#### [Your goal]
Could you transcribe exactly the lines below, from the line with "竹宝堂 熊野筆 メイクブラシ" through the line with "Girl with long", and nothing else, leaving out the pictures?

#### [Records for this exercise]
┄┄┄┄┄┄┄┄┄┄┄┄┄┄┄┄┄┄┄┄

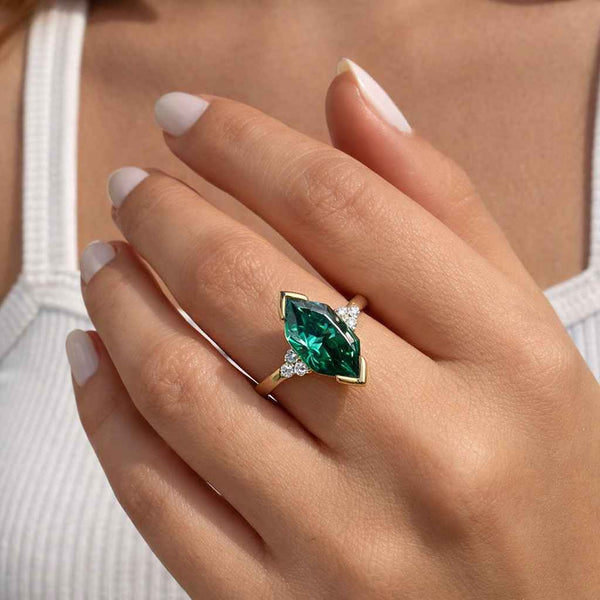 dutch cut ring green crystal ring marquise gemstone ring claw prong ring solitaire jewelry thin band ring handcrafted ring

┄┄┄┄┄┄┄┄┄┄┄┄┄┄┄┄┄┄┄┄

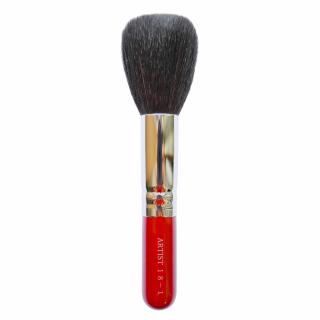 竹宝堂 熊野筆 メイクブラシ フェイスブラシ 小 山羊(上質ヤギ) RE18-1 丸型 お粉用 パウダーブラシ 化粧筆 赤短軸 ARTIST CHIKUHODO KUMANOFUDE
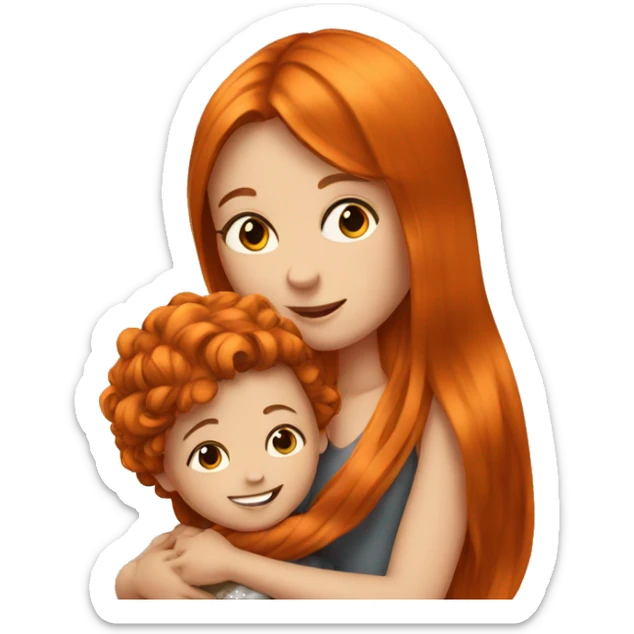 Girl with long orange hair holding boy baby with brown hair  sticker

┄┄┄┄┄┄┄┄┄┄┄┄┄┄┄┄┄┄┄┄

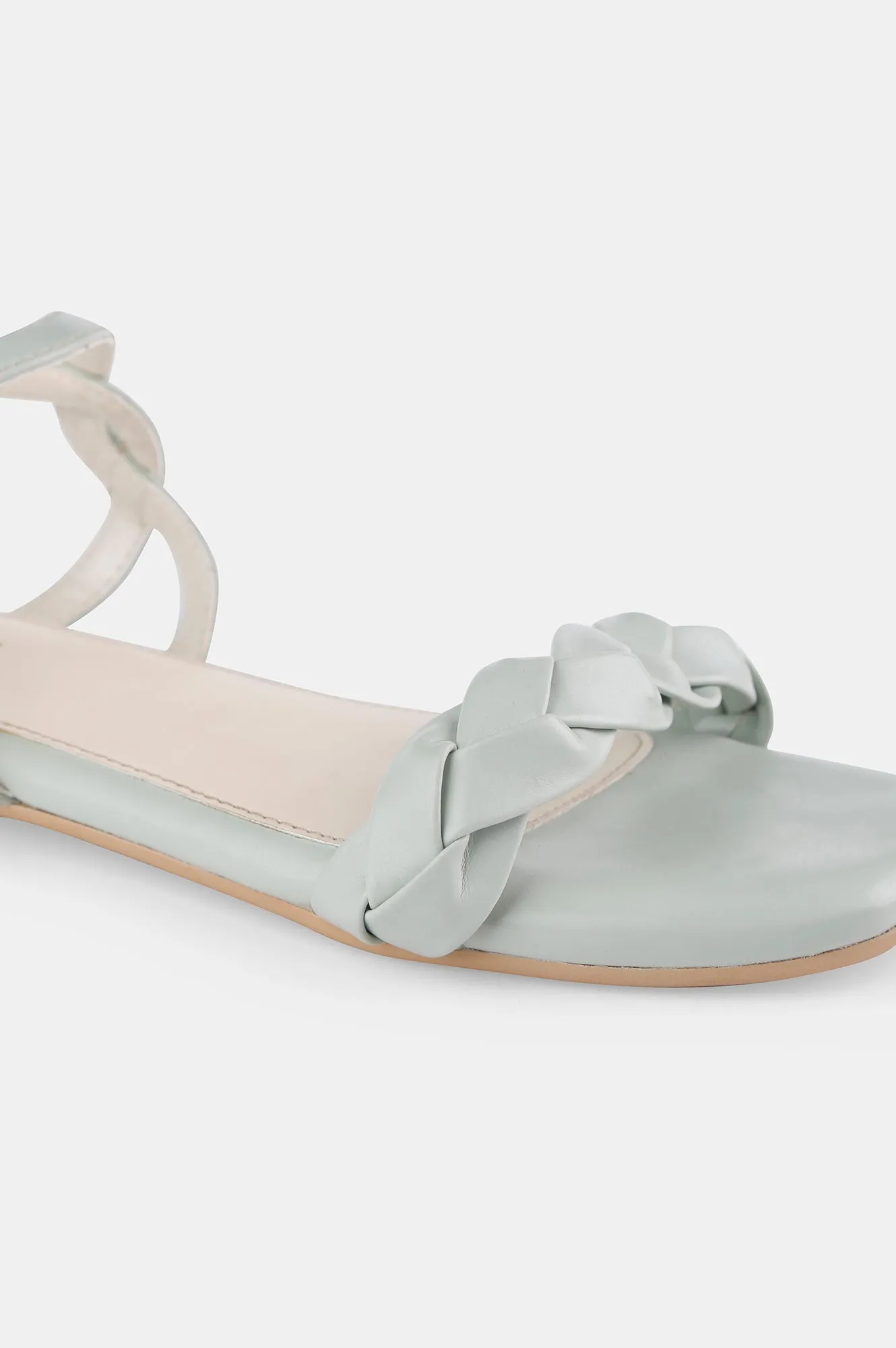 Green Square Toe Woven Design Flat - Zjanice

┄┄┄┄┄┄┄┄┄┄┄┄┄┄┄┄┄┄┄┄

#### [Exercise output]
 竹宝堂 熊野筆 メイクブラシ フェイスブラシ 小 山羊(上質ヤギ) RE18-1 丸型 お粉用 パウダーブラシ 化粧筆 赤短軸 ARTIST CHIKUHODO KUMANOFUDE
 Girl with long orange hair holding boy baby with brown hair  sticker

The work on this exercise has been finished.